One of the suspects, a 20-year-old Dallas man, suffered severe lacerations and stab wounds to his neck and upper body, and is clinging to life, police said.


----------



## someguy (Oct 28, 2004)

I perfer my phone.  Nice little self defense gadget it is.


----------



## Flamebearer (Nov 6, 2004)

someguy said:
			
		

> I perfer my phone. Nice little self defense gadget it is.


Yeah but you have to push 7 to 10 buttons first. ok, maybe three. depends on who you're calling - the police department or you MA instructor?:jedi1: 

This is the first i've heard of it -  I live in Dallas and Irving is a suburb to the north.


----------



## Ceicei (Nov 6, 2004)

Flamebearer said:
			
		

> Yeah but you have to push 7 to 10 buttons first. ok, maybe three. depends on who you're calling - the police department or you MA instructor?:jedi1:
> 
> This is the first i've heard of it - I live in Dallas and Irving is a suburb to the north.


You can actually fight with a telephone. I've seen a martial artist use the phone as one of his fighting weapons, so it is do-able and good for more than just dialing and talking. 

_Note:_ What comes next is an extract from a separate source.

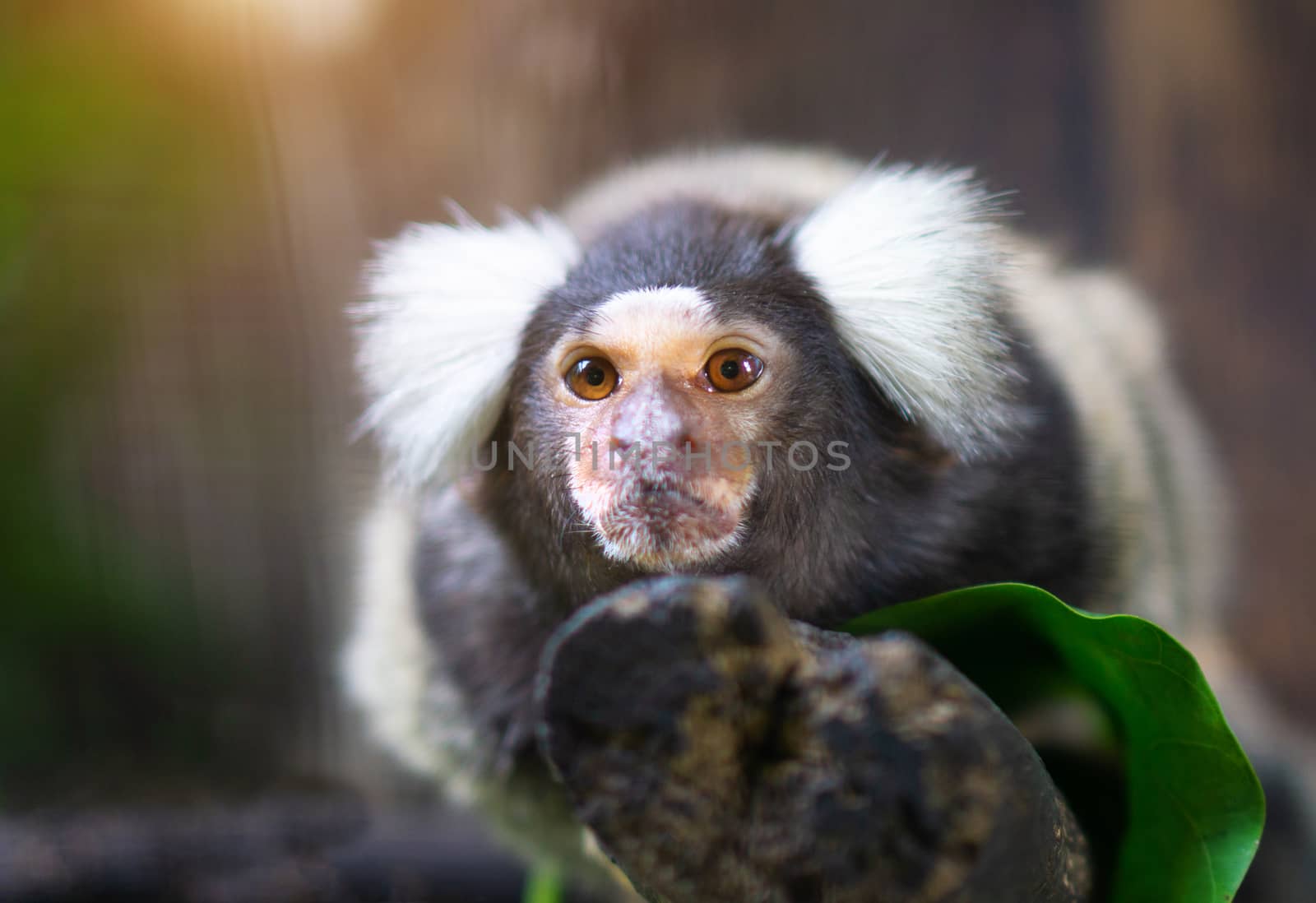 Portrait of white tufted-eared marmoset monkey in the zoo.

I believe it was HardHeadJarHead who may have seen a competitive form in a tournament of an artist using a telephone. I'll have to do a search on one of the old threads (probably in the Self Defense forum) to locate that post....

- Ceicei


----------



## Satt (Nov 6, 2004)

What about MIND BULLETS!!!??? That's what Jack Black uses anyway. LOL.


----------